Ahora bien, esto no es casual y tiene sus antecedentes: es evidente que la antipoesía está presente en esta obra (particularmente en poemas como Monólogo del padre con su hijo de meses y Monólogo del viejo con la muerte). Lihn fue uno de los que hicieron suyo el llamado de Parra a bajar del Olimpo, pero no en calidad de acólito sino que para ensayar una nueva estrategia en el uso de la lengua. Una buena síntesis del asunto la da José Donoso en uno de los artículos de la época dedicados a La pieza oscura: «El parecido [de Lihn con Parra] es más temperamental que otra cosa: la poesía de ambos es antirretórica, inteligente, rebelde, buscadora de caminos nuevos. Esta actitud, pura en Parra, que es el más intelectual de los dos, es más apasionada, menos burlona en Lihn». Efectivamente, el tono parriano es aquí trastocado, no deja de ser amargo, pero es menos satírico, más melancólico y, si cabe, más santiaguino.
Los poemas de La pieza oscura constituyen, en bloque, una reflexión lírica donde se plantea el conflicto de lo personal ante la ago-biadora totalidad: «¿Qué es tu pequeña historia comparada con la historia?». Predominan temas como la crueldad del amor, la infancia y el momento de iluminación-iniciación: «Y yo mordí, largamente en el cuello a mi prima Isabel». La memoria y la conciencia, tal como aparecen en poemas como La pieza oscura, Zoológico o Invernadero, se nutren de la constatación de reiteraciones esenciales del ciclo de sobrevivencia de la especie y frente a eso, el significado misterioso del ahora.
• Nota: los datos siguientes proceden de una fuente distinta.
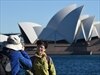 Chinese tourists take in the sites of the Sydney Harbour Bridge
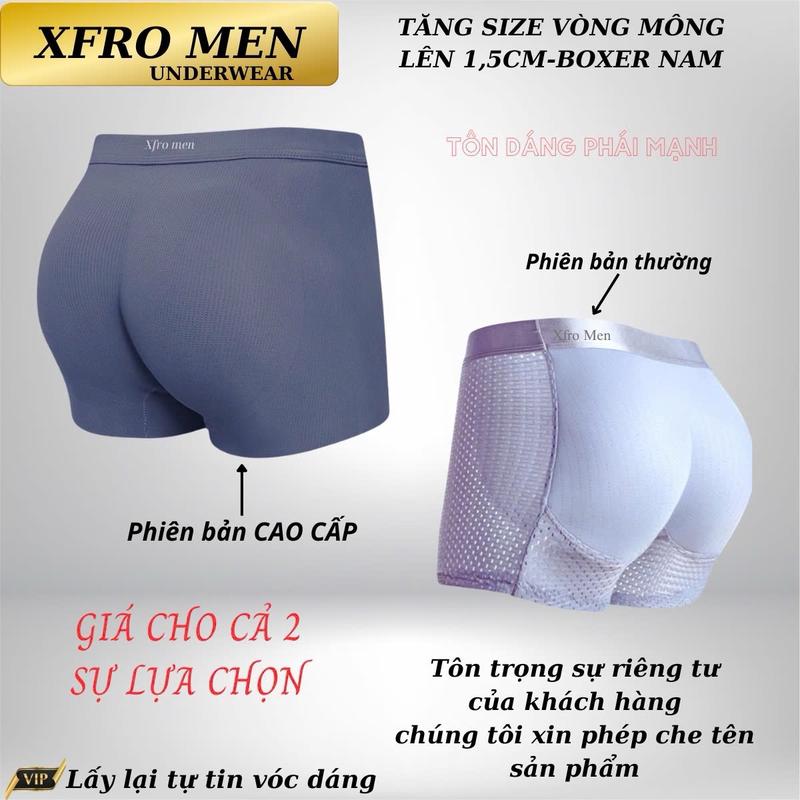Quần Boxzer Nam tôn dáng phái mạnh - Tôn dáng tự nhiên không dấu vết..thêm phần lịch lãm cho nam giới sịp ( Tuỳ Chọn 2 Phiên bản )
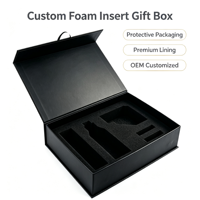 Niedrige Mindestbestellmenge, kostenlose Muster, matte schwarze Magnetbox, stabile flache Magnetbox, Karton-Magnetbox, magnetische Papierbox mit Deckel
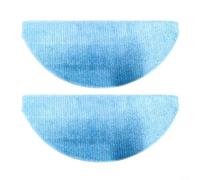 EXTRWORY Mop Cloth for ILIFE A30 A30 Pro Robot Vacuum Reusable Washable Microfiber Blue Floor Cleaning Pad for Homes with Pets or Kids(2 PACK)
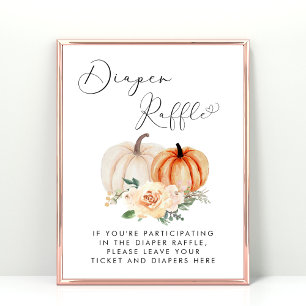 Affiche Petit Baby shower Citrouille de carafe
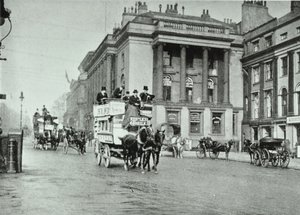 Hestebusser i Waterloo Place, 1895 av English Photographer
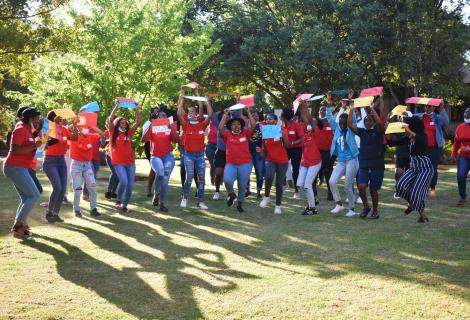 Young women in South Africa demanding for decent work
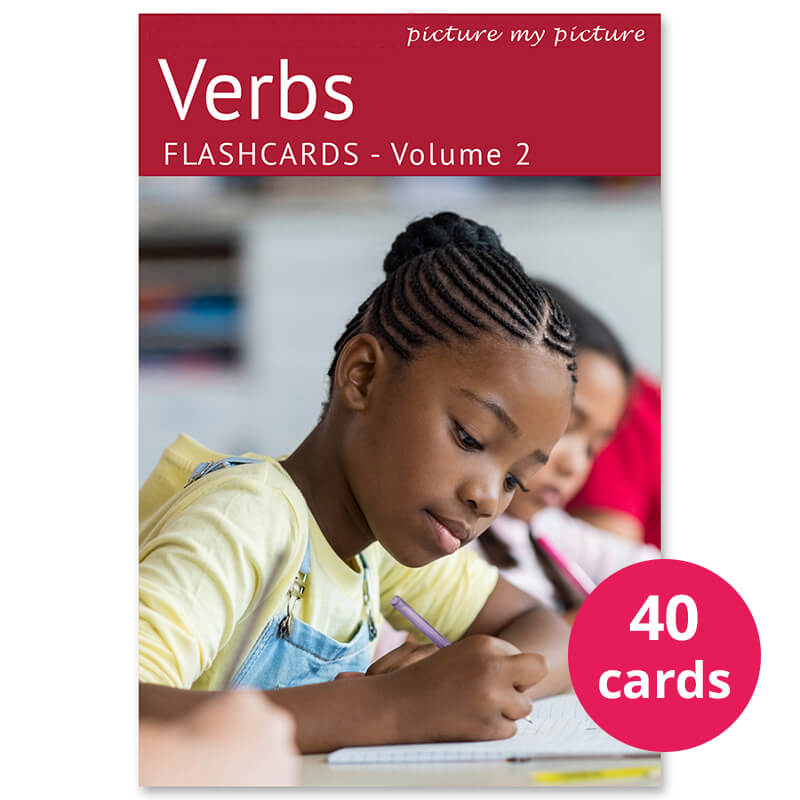 Verbs Flash Cards Volume 2: 40 Action Photo Language Cards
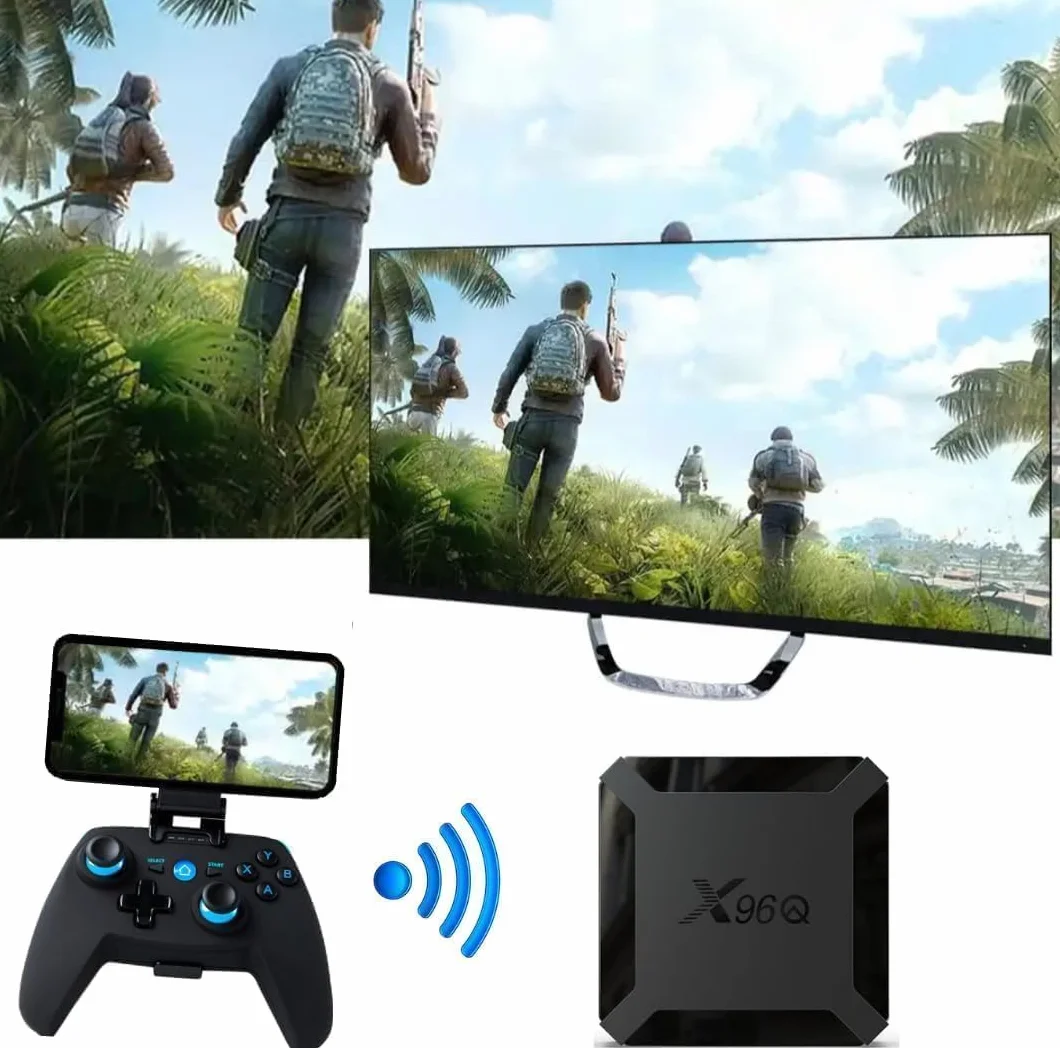 X96Q Boîtier IPTV Android TV Box Android 10.0 2GB 16GB Mini Smart TV Box Allwinner H313 Quad Core WiFi 4K HD 100M LAN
El instante de conciencia se traduce en angustia, en una incógnita soledad irreparable que se cierra desde todas direcciones.
El poeta lucha, quizá en vano, por impedir que la memoria se llene de olvido: «una inocente canción sin asunto que uno terminaría por aprender a oír» (una canción que tiende a hacer la vida engañosamente tolerable). Es aquí donde entran la amargura y la melancolía que vinculan a Lihn con el mejor Eliot: la incrustación de diálogos casi superfluos, el entorno familiar como foco constante de tensión emocional, que nunca es desahogada por nadie, la fragmentación del hablante en diversas voces, como ocurre en el poema Raquel. La amargura termina en el instante mismo en que se expresa, gracias a la vibración, a la fuerza del rechinar de dientes:«ensaya» le dice el padre a su hijo de meses, a pesar de que el hombre es sólo, antes que nada y después de todo,«… la fiera/ vieja de nacimiento, vencida por las moscas,/ babeante y resoplante».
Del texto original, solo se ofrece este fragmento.